大人の流儀シリーズも、3月末で11作目が出るらしい。
それに合わせて、未読だった10作目をkindleで購入して読んだ。
(もちろん11作目もkindleで読むつもり)

雑誌に毎週(たぶん)掲載されたものが文庫化されて、それを1~2年のタイムラグで読むので、時代を振り返る感じがして面白い。

こんなことがあったな…とか、私はなにも考えずに通りすぎた風景だったけれど作家の目を通すとそのようにみえるのか…とか、つい時代に流されてしまいそうになるときに自分で考えることの大切さと、そのためには芯がないといけないこととか教えてくれるカッコいい作家の一人。

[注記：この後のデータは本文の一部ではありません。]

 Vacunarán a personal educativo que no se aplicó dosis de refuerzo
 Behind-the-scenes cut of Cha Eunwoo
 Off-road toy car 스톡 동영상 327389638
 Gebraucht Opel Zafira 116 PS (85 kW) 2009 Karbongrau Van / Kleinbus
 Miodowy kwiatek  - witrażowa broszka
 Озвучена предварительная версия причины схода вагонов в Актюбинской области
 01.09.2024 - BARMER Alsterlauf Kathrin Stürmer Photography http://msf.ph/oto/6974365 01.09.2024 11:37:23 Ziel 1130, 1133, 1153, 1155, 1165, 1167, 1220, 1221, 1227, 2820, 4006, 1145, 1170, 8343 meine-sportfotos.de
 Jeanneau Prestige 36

カッコいい作家と言えば、今週はあと二人の作家の言葉にも考える時間をもらった。
村上春樹氏が「村上RADIO」で伝えたキング牧師の演説の言葉「ヒットラーがドイツでおこなった行為は、すべて合法的だった。そのことを決して忘れてはならない」“Never forget that everything Hitler did in Germany was legal.”(村上RADIOのWebsiteより)

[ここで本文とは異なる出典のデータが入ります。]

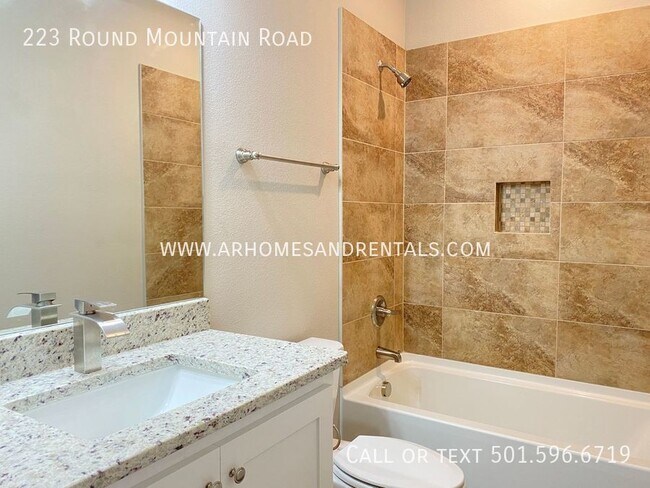 Foto del edificio - 223 Round Mountain Road | $1995 | 4 beds, ...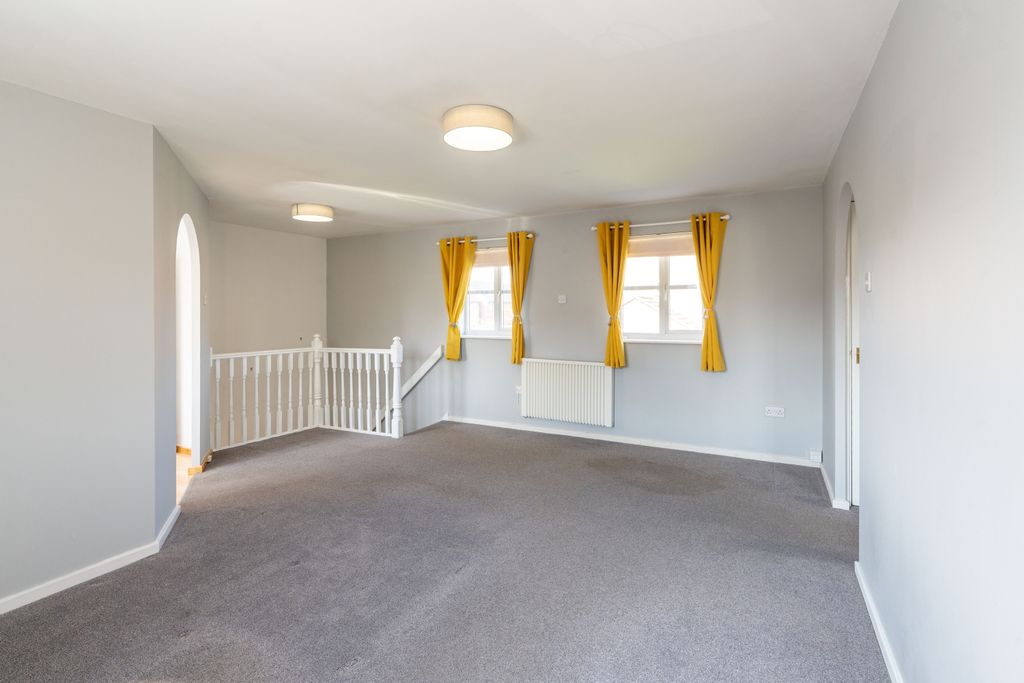 Property photo 3 of 11 Living Room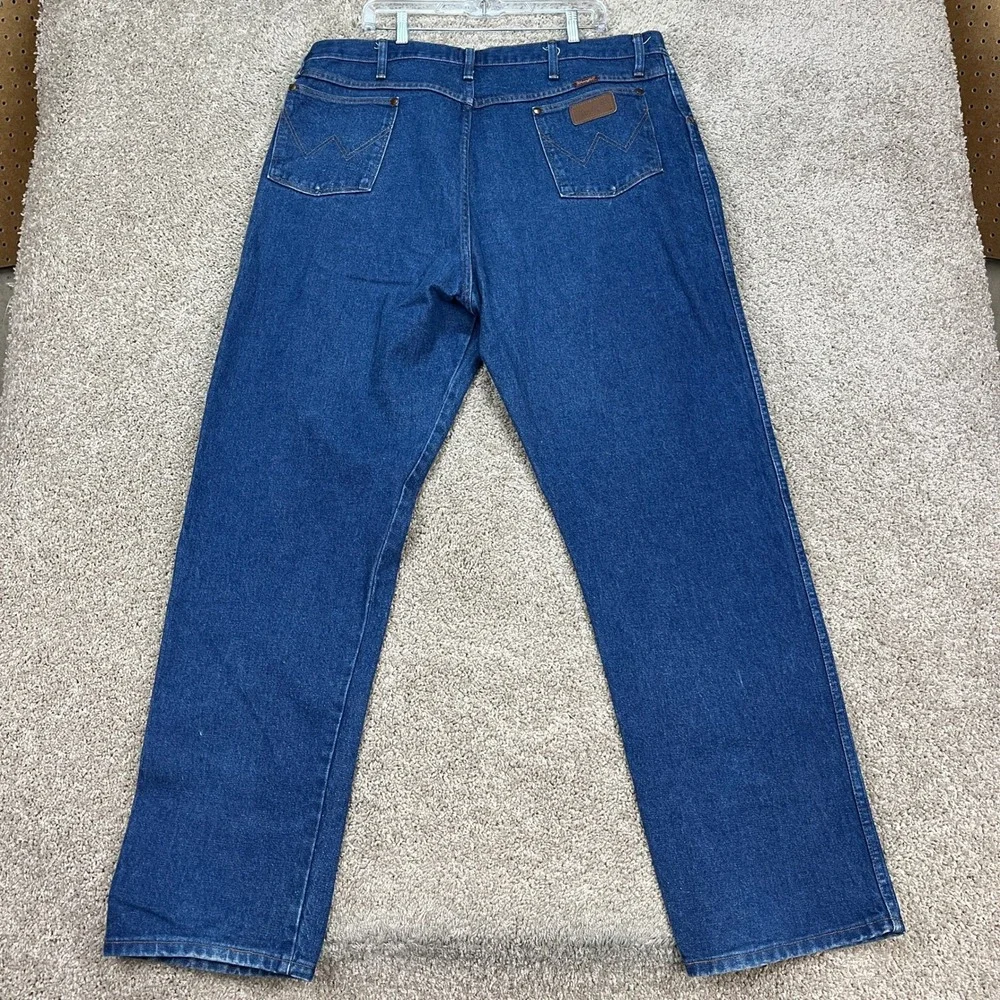 Wrangler Cowboy Cut Jeans Mens 42x34 Medium Wash Straight Leg Flat Front Relaxed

そして東山彰良氏がラジオで語った「小説を書くにしろ絵を描くにしろなにか芸術的な創作を必要とする人はそれほど幸福な精神状態でなかっただろう」

これは芥川賞を取った台湾作家の新作をもっての言葉だけれど、もし生まれる前に生を選ぶことができたなら稀代の芸術家は生まれることを選ばなかっただろうし、世の中に心を震わせる芸術は誕生しなかっただろう、と。

聞いたときに鳥肌がたったけれど、実際、今経験しているコロナやウクライナ惨事のあとに生まれてくる芸術がおそらくゲルニカやイマジンくらいに今後に残るだろうことも、きっとそういうことからだろうと確信したりもする。

ジェノサイドは合法のもとで行われていたし、今この瞬間も自分を正当化して他国民を大量虐殺している人が存在することが恐怖でしかない。